Carnegie Strategy Fund rose 2.3 percent in March, which means the fund has now retaken January’s losses and has risen 0.4 percent since the start of the year. Given the Nordic equity markets are still in negative territory and the corporate bond market has also been weak, we are pleased with this performance.

Since the fund’s equity component is invested mainly in Swedish shares, the Swedish stock market’s relative strength has been a help.

There was no major drama on the securities markets in March, but the European Central Bank’s decision to buy corporate bonds sparked credit spreads to narrow, which lent support to the prices of corporate bonds. It is also noteworthy that the Swedish krona strengthened against most currencies, particularly the dollar. This is undeniably a paradox given the Riksbank’s efforts to weaken the currency.

Since interest rates are at record low levels and equity valuations appear reasonable, it is likely that corporate earnings growth will be the determiner of stock market performance. It is difficult to envisage any substantial earnings growth in 2016. The boost to Swedish companies from a weaker krona in 2015 has now passed in 2016. We therefore continue, as promised, to stick to stable companies that offer a high dividend yield and/or rate of interest.

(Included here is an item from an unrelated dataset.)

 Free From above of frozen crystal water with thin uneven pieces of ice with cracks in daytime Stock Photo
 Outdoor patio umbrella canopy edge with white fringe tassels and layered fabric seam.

We generally cut back on equity exposure somewhat in March since we are anticipating a number of attractive bond issues in the near future. Nonetheless, one new equity holding is Platzer, an undervalued real estate company with exposure to the Gothenburg region. The company has great potential to develop its portfolio by adding value to its land and building rights. On the bond side, we invested in Roplan, a Swedish mechanical and industrial engineering company.